**Description of the task**
Find the line containing "CNN Names Big" in the listing below; reproduce it and every line after, exactly. Skip pictures.

**Supplied data**
---+---

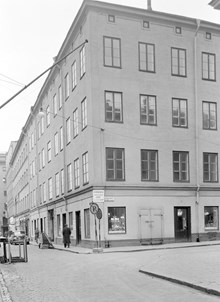 Sergelgatan 8-12 norrut från Jakobsbergsgatan 42. Konserthuset anas i bildens vänstra kant. Här ligger numera första höghuset vid Sergelgatan 22, kv. Beridarebanan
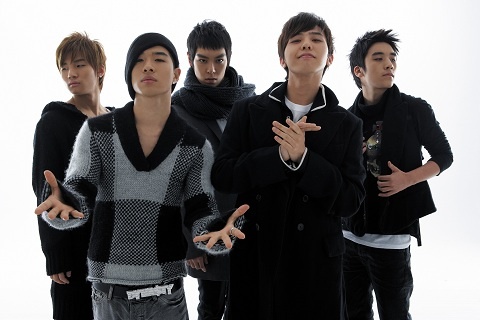 CNN Names Big Bang as One of "12 Reasons to Visit Korea in 2012"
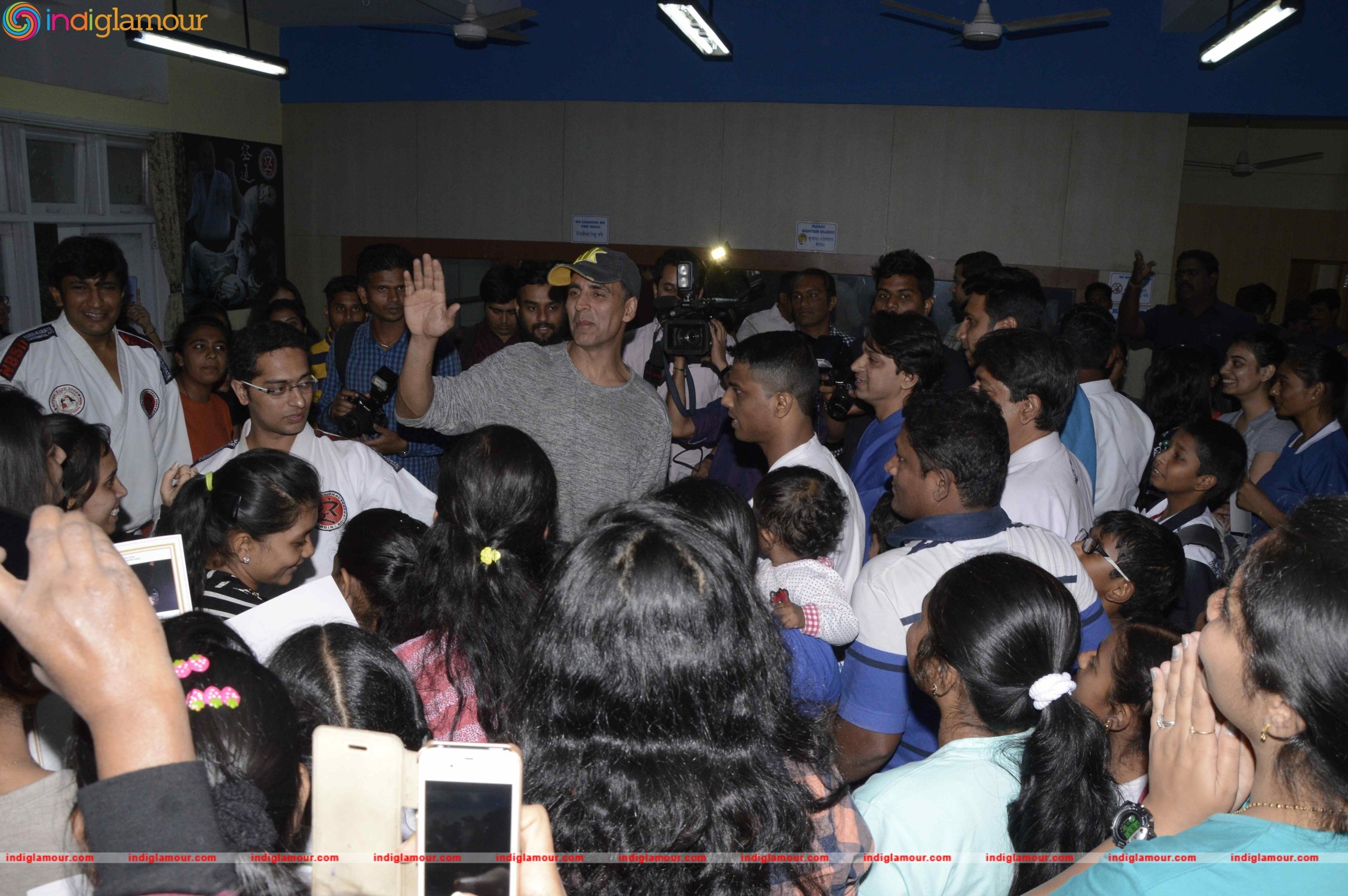 Akshay Kumar,Aditya Thackeray Attend Graduation Ceremony of Womens Self Defense Center Event hd photo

---+---

**Finished exercise**
 CNN Names Big Bang as One of "12 Reasons to Visit Korea in 2012"
 Akshay Kumar,Aditya Thackeray Attend Graduation Ceremony of Womens Self Defense Center Event hd photo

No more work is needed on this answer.